Blog Post

SQL Graph, part I

,

This blog is a kick-off the series that will be dedicated to the graph databases and engines, being more specifically focused on the SQL Graph, that is the newest extension to the SQL Server engine, as well as the Azure SQL Database (upcoming).

What are Graph Databases

Graph databases are based on graph theory, and employ nodes, edges, and properties. The graph theory is the study of the graphs that are mathematical structures used to model pairwise relations between objects.

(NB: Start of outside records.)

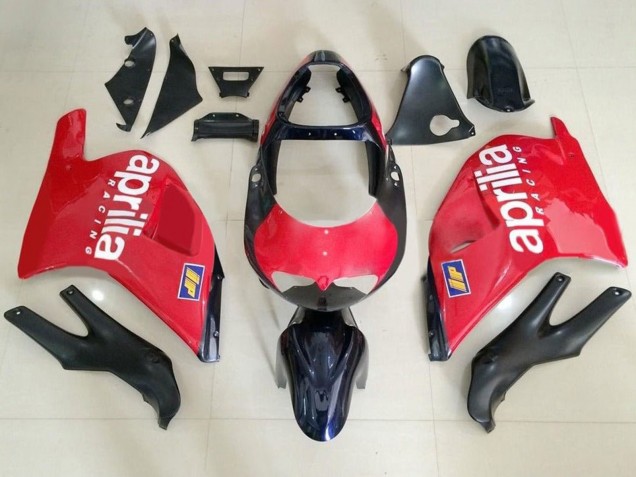 1995-1997 Aprilia RS250 Motorcycle Fairings - Red Black White Canada Websites
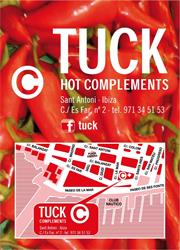 Horario de apertura Tuck Complements, Sant Antoni de Portmany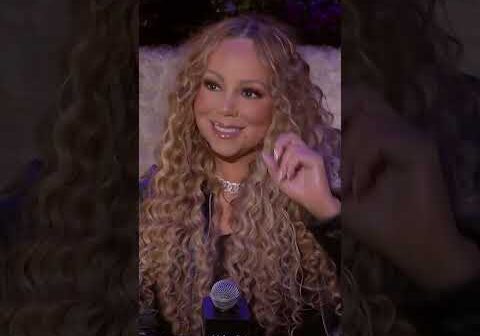 #mariahcarey track from her new album, Here For It All, with #sza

A graph in this context is made up of nodes, edges which are connected by edges, arcs, or lines.

A graph can be directed or undirected (uni or bi-directional) that might point the direction of the relationship between the edges.

Graph databases can be compared to the Network Model Databases, that were focusing on solving the same problem the interconnected world.

The most popular graph database in the world currently is NEO4J, which is implemented in Java and is using CQL (Cypher Query Language), a language that has definitely inspired the SQL Graph T-SQL language extension.

SQL Graph

For SQL Server 2017 Microsoft has decided to do some very important addition in the form of the Graph engine, which is tentatively called SQL Graph.

Lead by Shreya Verma, this is most probably one of the most underrated and unappreciated effort with the relational engine.

The graph of the SQL Graph will consist from a collection of the Nodes & Edges that will be represented as tables.

Current implementation will allow to place one logical graph within a database (and I totally believe that this will change in the future releases of SQL Server, most probably on vNext).

SQL Graph currently contains 2 types of tables (Nodes & Edges), plus the extensions for the Query Processor that allow to process Nodes & Edges.

Node Table

Node table represents the entity (or vertice/point) that is the crucial part of the objects for the graph schema.

To create a node table you will simply need to specify that the table should be created as a node, and here below I am giving you an example of a Person table, containing 3 simple attributes that will be created for SQLGraph as a Node (you might consider the syntax to be similar to the In-Memory table creation, which type is defined after the effective table declaration:

DROP TABLE IF EXISTS dbo.Person;
CREATE TABLE dbo.Person
(
Id    INT NOT NULL identity(1,1) primary key,
FullName    NVARCHAR(75) NOT NULL,
Age    TINYINT NOT NULL,
) AS NODE;

Within every Node Table there is a $node_id column, that will internally have a unique automatically generated name, helping to identify uniquely the object. This column will be created as a NVARCHAR(1000) with values stored as JSON.

Additionally another implicit identity column will be generated as a Graph_Id, which name will contain internal graph_id column with another hex string automatically added to it.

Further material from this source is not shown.